We brought a Kitchen off them just under two years ago a complete kitchen ie cupboards, services, oven, fridge etc. It had a two year garuntee. When we moved house 9 months ago we employed them again to move the kitchen for us to our new home which they charged us €400.

They bodged the job a bit causing water to leak into the oven when we did washing up. We contest that when they installed it they put the silicone around the gas hob incorrectly which is what caused the water to enter the oven. The oven now everytime you turn it on gives an Electric Shock if you touch it. 
This all started while my wife was pregnant and is continuing now the baby is almost 3 months old so I would say in total the issue has been going on 7 months.

The company originally said that they would call the technicians for the oven. They agree it is humidity that has caused the issue causing the oven to fault. They said the oven is not at fault however meaning 'WE' the consumer have to pay €40 for that visit. Not the company who sold the kitchen. I refused to pay and sent the technician on his way.

Then the company said as a 'Courtesy' to us they would come and fit a new oven so long as we paid for the oven which would be €150. I reluctantly agreed to that to try and finish the issue but they have now come back and said it would be €190 and could take a month to arrive. I have now said I will take legal advice because this will mean for something which is not our fault, we have to pay a total of €230... this can not be right surely!

I'm reluctant to actually get a lawyer because of the costs involved with that but this cannot be fair surely! I was hoping the threat of legal action might scare them into doing the right thing but they are just arrogantly (perhaps ignorantly) believing they are in the right.

What do you all think?

Kenzo


----------



## GeordieBorn (Jul 15, 2016)

Good to see you back. How much does a new oven cost? We have found you get no where with people like this and usually count our loss...:sad:


----------



## KenzoXIV (Nov 13, 2013)

GeordieBorn said:


> Good to see you back. How much does a new oven cost? We have found you get no where with people like this and usually count our loss...:sad:


Exactly. At a place like Mediaworld I can pick up the same sort of oven for €200. 

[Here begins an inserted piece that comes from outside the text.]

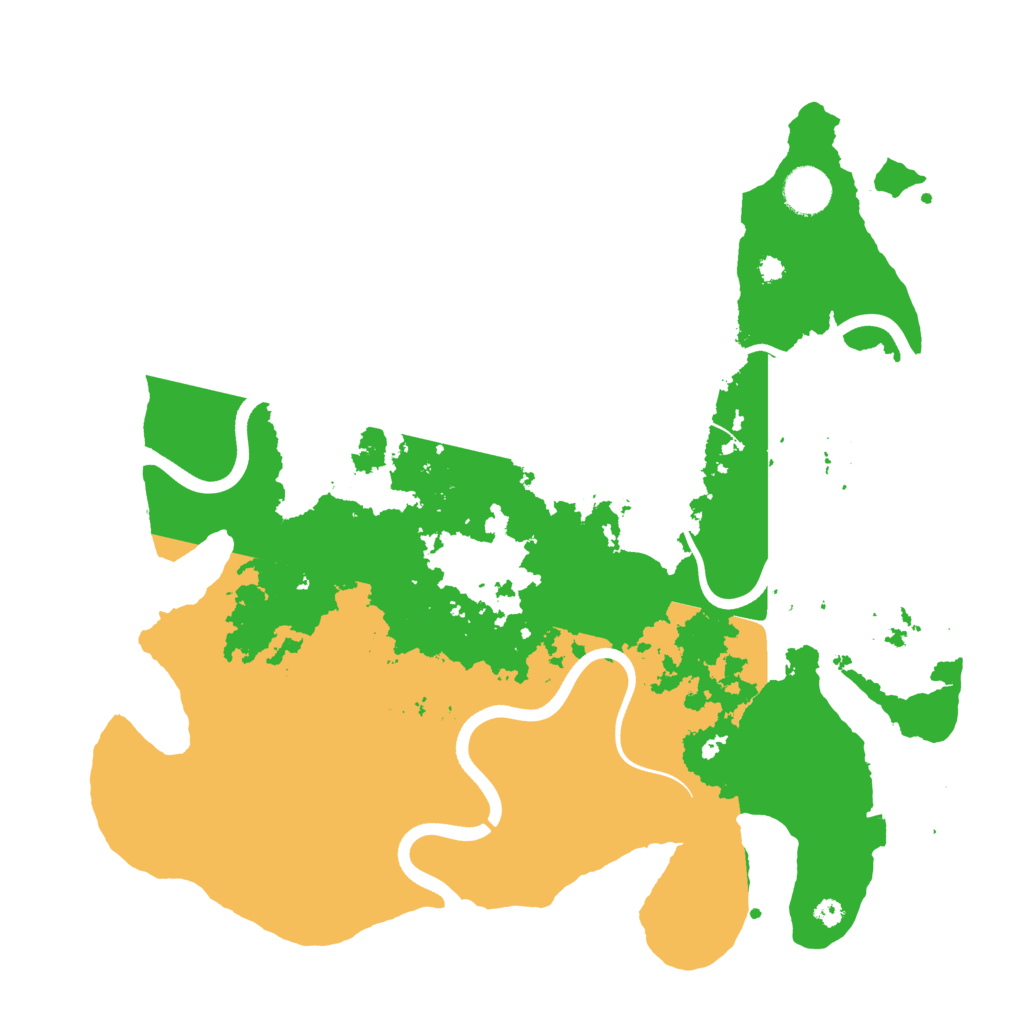 Biome Rust Map: Procedural Map, Size: 3750, Seed: 1636336730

Its ridiculous though. Half tempted to take him to court just to watch him sweat a little. Same sort of cost as a Sky subscription but more entertaining


----------



## Italia-Mx (Jan 14, 2009)

If you live in a building that has an administrator, take it up with him. An electrical problem with the oven might affect the electricity for the building.


----------



## KenzoXIV (Nov 13, 2013)

Italia-Mx said:


> If you live in a building that has an administrator, take it up with him. An electrical problem with the oven might affect the electricity for the building.


Hi Italia-Mx

No its an independent villa. We did bring the landlord into it but he kind of sympathised while saying not his problem.

Kenzo


----------